Denmark wants to rebrand part of Sweden as ‘Greater Copenhagen’

Greater CPH Post
May 29th, 2016


This article is more than 8 years old.

Denmark hopes incorporating southern Swedish region of Skåne will gain the region more business and visitors

Denmark hopes incorporating southern Swedish region of Skåne will gain the region more business and visitors. “Size matters,” says Frank Jensen, mayor of Copenhagen and a champion of the project. Copenhagen is a small capital city but with a well known name internationally, he says. “As Greater Copenhagen we can show it is something special – it is about creating a common identity that the entire region can get behind, and the Skåne region will also strengthen its position by profiling itself in this way.”

Call it a collaboration

The Danes call it a collaboration and are counting on Swedish support. Growth in east Denmark and south Sweden is significantly lower than in competing cities such as Stockholm, Amsterdam or Hamburg, notes an official Danish document setting out a vision of Greater Copenhagen as a European metropolis, with the “international clout” to become a magnet for investment and innovation.

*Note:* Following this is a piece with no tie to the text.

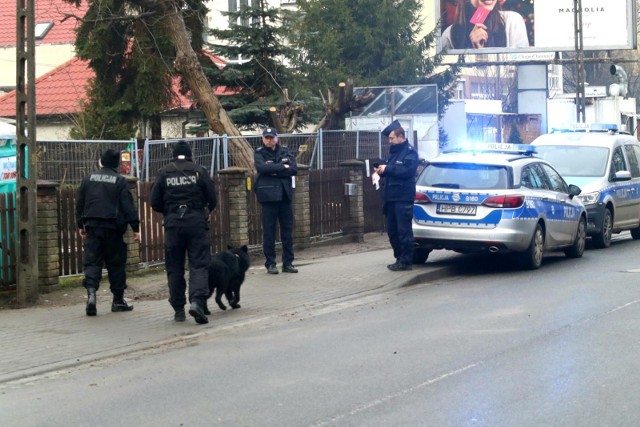 Policja nie wyklucza, że w razie konieczności użyje śmigłowca do akcji poszukiwawczej.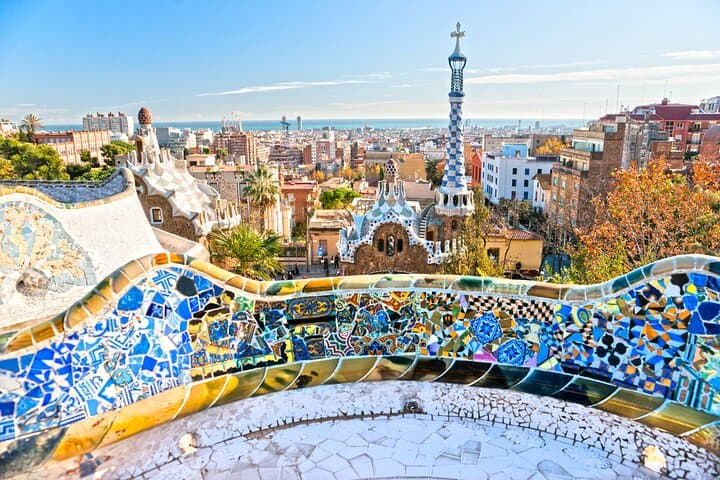 Barcelona Private 4 hours Shore Excursion with private vehicle and guide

“Together we will have 3.8 million people, 11 universities with 150,000 students and many PhDs, so we will come up as an interesting place to locate your European or Scandinavian HQ,” says Jensen. The two sides make a good fit. Denmark’s capital is overcrowded, corporate and expensive, while Malmö, Sweden’s third city across the water, has spare capacity, is relatively cheap, and has more of an enterprise economy.

Swedes ambiguous

But Swedes feel somewhat ambiguous about being nominally subsumed by their Danish neighbours. “I do not feel in the current situation that we are prepared to leave Malmö behind,” the city’s social democratic mayor, Katrin Stjernfeldt Jammeh, said. “Skåne is comparable to San Francisco’s Bay Area in terms of its food, wine, creative industries and science,” Johansson says, “and the Scandinavia Bay Area has the advantage of being a more neutral name, and more easily accepted in southern Sweden.